/ NIGHTMARES /

a distorted face with dark eyes staring at me.

she's sited on a chair at the far corner of my room, watching.

I'm scared.

she looks ghastly, pale.

I stare into the hollowness of her black eyes. she wants to talk to me, but only weird sounds come out of her mouth. I'm frozen to my bed, I cant move.

it feels like a horror movie.

my body is cold from my own chills. who is this woman?

I wake up with a jolt, like I'm trying to win the freaking marathon. who was that woman? what was she saying?

I quickly feel the pain, I wasn't prepared for that to say the least.

I have a splitting headache.

yesterday, trying to remember what really happened.

oh my freaking god!

he was here. with me, in my house.

"so responsive" flashes from last night start registering in my mind.

"do you know how much I wanna fuck you against that wall"

oh my knuckles!

he was right fucking here, in my fucking house.

am I going crazy?

you were drunk

I remember him being close, too close

more flashbacks

him touching me there

that dirty monster. that dark angel.

he wants to kill you

he's toxic, he's a killer.

this time around lord help me, I swear I wont let him close to me.

I wont

I want to.

back in the office I'm torn.

I cant seem to get the article even nearly done. I'm so fucked.

raised in and out of foster homes, nothing much I know about love, better yet passion.

a 28 year old virgin. what a joke!

more of last night flashbacks torture my mind.

he thrust his fingers there, does that count as still being a virgin?

I stand to grab some coffee. that will get my mind to work.

for the next week, I stay indoors, lock my doors and still haven't gone to the park since the incident.

from the rumors' I heard they found two bodies, a killer on the loose.

little did they know, he is so loose he visits now and then.

he looks at me with those dark eyes and gets me hot and bothered. as much as he scares me, he turns me on like no other man.

I still don't know what is happening.

as much as I want to run when around him, I want to stay.

as much as I want to scream, he makes me moan.

I'm a total mess on my way to distraction.

what is passion?

one might ask. its a lie.

its stupid, its needy. its destructive.

that is passion.

its not love, not even close.

its manipulative, its selfish

I relish in my anger. days like these I hold a grudge. days like these are depressing. feeling unwanted, abandoned. what is there to say about passion?

its a façade.

nothing of such kind exists.

we don't really have a drive towards life. at least my mother didn't.

she gave me up.

like a thing.

I must be worthless, no, she abandoned me.

nothing, but the letters.

I didn't feel the tears streaming down my face even as I stood to get the letters from the drawer.
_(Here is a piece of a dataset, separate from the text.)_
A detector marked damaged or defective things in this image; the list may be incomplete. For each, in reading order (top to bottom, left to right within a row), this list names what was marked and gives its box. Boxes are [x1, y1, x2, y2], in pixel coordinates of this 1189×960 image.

I read them again.

more tears.

she chose him over me, and he killed her.

I harbor so much hate for her, but still haven't found the courage to destroy the stupid letters.

she really did choose him over me, its all I think of.
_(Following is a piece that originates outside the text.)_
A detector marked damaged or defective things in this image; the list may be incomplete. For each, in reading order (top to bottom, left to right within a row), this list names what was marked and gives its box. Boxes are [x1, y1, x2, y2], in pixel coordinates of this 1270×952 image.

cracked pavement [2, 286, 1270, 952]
falling to the floor, I breakdown, again.

RAGE

wiping the blood from my knife with her clothe, I feel high. peaceful.

he deserved to die. they all deserved to die.
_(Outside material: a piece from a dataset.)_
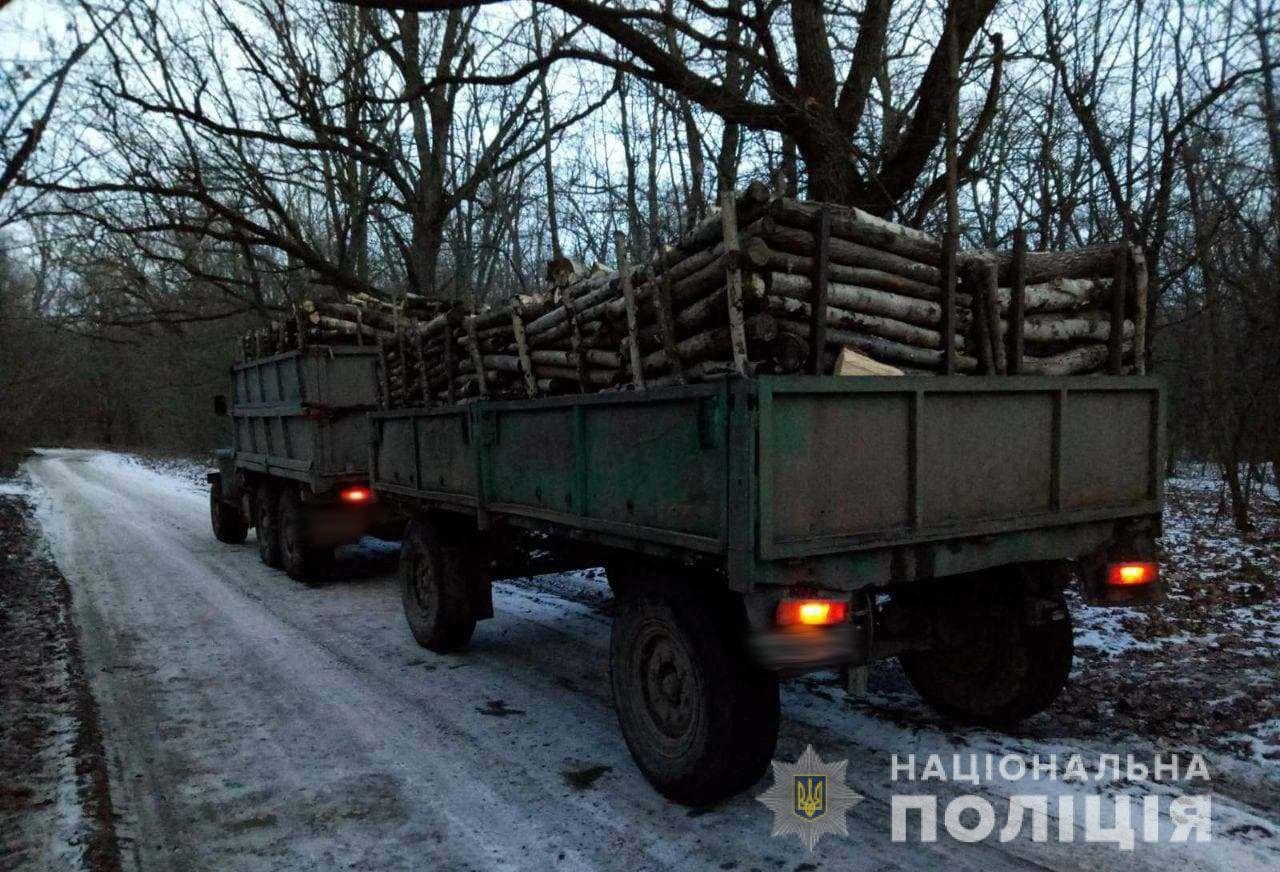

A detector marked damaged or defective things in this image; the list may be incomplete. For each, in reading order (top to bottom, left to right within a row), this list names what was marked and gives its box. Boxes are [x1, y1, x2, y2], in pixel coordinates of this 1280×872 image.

rusty metal panel [757, 394, 911, 542]
rusty metal panel [926, 391, 1054, 524]
rusty metal panel [1059, 389, 1162, 507]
standing up looking at the canvas I just painted, a smile forms on my face. beautiful.

Art has always thrilled me.

one last glance at the lifeless bodies, the woman is strikingly similar to her. eyes open, still in shock from the pain of it all. the beauty of death.

the blood has stopped spilling on the dirty cold floor, leaving behind empty hollow veins.

she has the same dark hair, thick.

they are both of the same size too. her lips maybe slightly fuller but pale now.

'Linda'

her name crosses my mind.

mine.

I want to hurt her so bad. then why am I possessive?

what's it about her?

that when I think of someone hurting her, I want to kill them.

I want to hold her and own her at the same time.

I also want to punish her for invading my mind, I want to make her cry in every way possible. those captive grey eyes. I want to worship her.

weakness.

and when I'm done having fun with her, I'll ruin her.